Obok nich Legia Warszawa. W przypadku warszawskiego zespołu trzeba było załatać kilka luk. Za tydzień drużyna Czesława Michniewicza wraca do gry – w europejskich pucharach – a tymczasem nieoczekiwanie przedłużył się pobyt dwóch kadrowiczów na Euro. W ten sposób na ich pozycje przyszli Mahir Emreli czy Mattias Johansson. Klub nadal szuka swoich szans na Ukrainie, skąd przyszedł obrońca Joel Abu Hanna – zastępstwo dla Artema Szabanowa. Ostatnim z nowych nabytków jest Josue. Krótko mówiąc Legia łowiła tylko na wschodzie. Lada moment zapewne stołeczny zespół wyjdzie na prowadzenie w naszym zestawieniu. Do Warszawy przyleciał już Lindsay Rose z Arisu Saloniki. Jednak póki nie ma oficjalnych doniesień, nie bierzemy go pod uwagę.

Imponująca Wisła?

Są dwie szkoły oceniania transferów. Jedni czekają rundę, inni w momencie podpisania kontraktu. Jeśli pójdziemy drugą ścieżką, wydaje się, że Wisła Kraków zgarnęła ciekawe nazwiska.

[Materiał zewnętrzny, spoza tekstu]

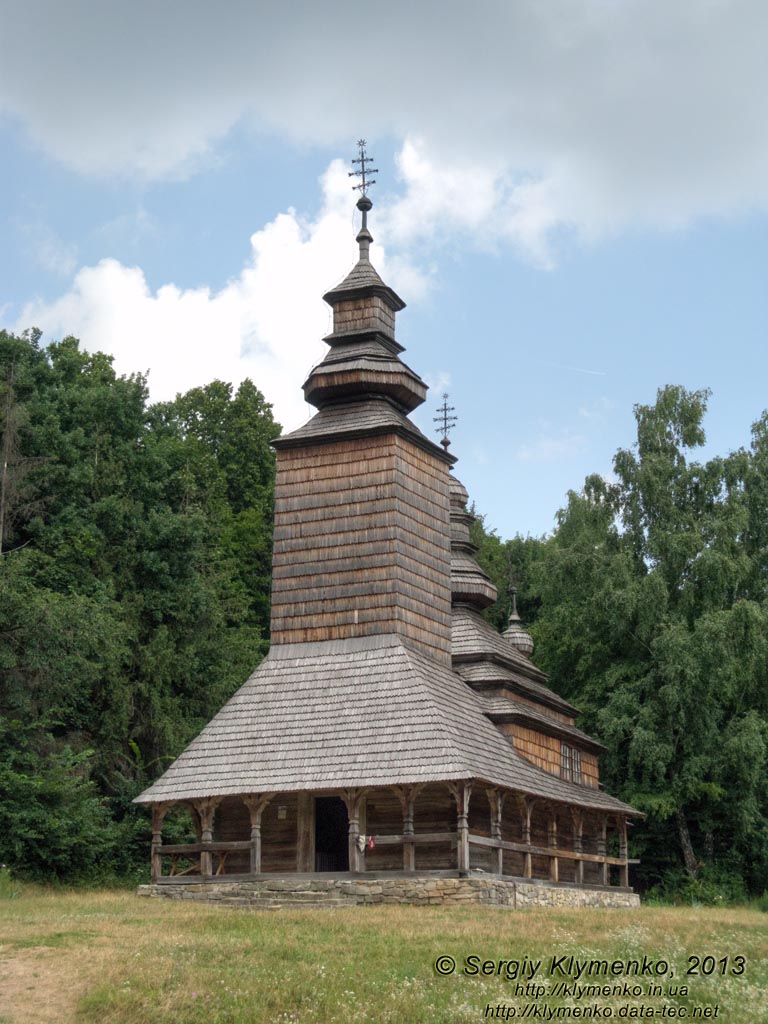 Фото Киева. Музей народной архитектуры и быта Украины. Церковь св. Покровы из села Канора, Закарпатская область. Зона "Карпаты".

Wzmocnieniem ataku ma być Jan Kliment. Wcale nie chodzi o tancerza znanego z Tańca z Gwiazdami. Mowa o byłym królu strzelców młodzieżowych mistrzostw Europy(2015) oraz strzelcu 10 goli w ubiegłym sezonie czeskiej ekstraklasy i byłym klubowym koledze Kamila Wilczka.

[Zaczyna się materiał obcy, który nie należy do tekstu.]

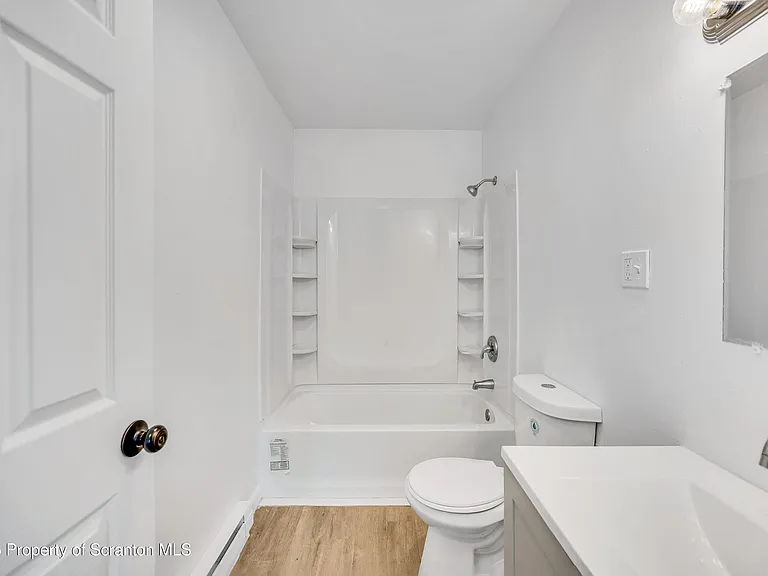 1215 Lori Ln — Photo 11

Pod Wawel trafili także Aschraf El Mahdioui oraz Dor Hugi. Regularnie grali na Słowacji i Austrii, więc kibice Białej Gwiazdy mogą mieć nadzieję na udane wystepy także przy Reymonta.

Oni czekają

Jest szerokie grono klubów, które jeszcze nie sprowadziły nikogo spoza Polski. To aż pięć ekip, ale w tym jest duet beniaminków. Poniekąd trudno się dziwić, skoro Górnik Łęczna dopiero półtora tygodnia temu skończył sezon i ma najkrótszy okres przygotowawczy oraz transferowy. Dodatkowo kolejna grupa, do których przyszedł tylko jeden gracz spoza Polski.

Sprawdzony szlak

Może już nie tylu, co kiedyś, ale Piast Gliwice nadal znajduje w sprawdzonym miejscu. Tym razem do Gliwic trafiają Alberto Toril oraz Miguel Munoz. W podobne rejony zapuściły się też inne kluby. Śląsk Wrocław także poszukał na półwyspie iberyjskim. W ten sposób do klubu trafili Diogo Verdasca oraz Victor Garcia. Po Portugalczyka sięgnął także Radomiak. Beniaminek ligi wybrał Luisa Machado. Ostatnio grał w Indiach, ale wcześniej występował w portugalskiej ekstraklasie. To może dobrze zwiastować dla „Warchołów”, którzy raczej nie będą mogli liczyć na grę Raphaela Rossiego w kolejnym sezonie. Wypożyczony z FC Sionu zawodnik wrócił do Szwajcarii i wydaje się być poza zasięgiem Radomiaka.

***

Oficjalnie dopiero jutro ruszy okienko transferowe. Wtedy prawdopodobnie doczekamy się znacznie większej liczby transferów. Do startu nowego sezonu Ekstraklasy jeszcze ponad trzy tygodnie. Wiadomo, że polska liga nie jest pierwszym wyborem dla łakomych kąsków na rynku. Stąd też nie zdziwią nas przyjścia last minute, pod koniec lipca albo i później. Może niektórzy poczekają na swoje okazje.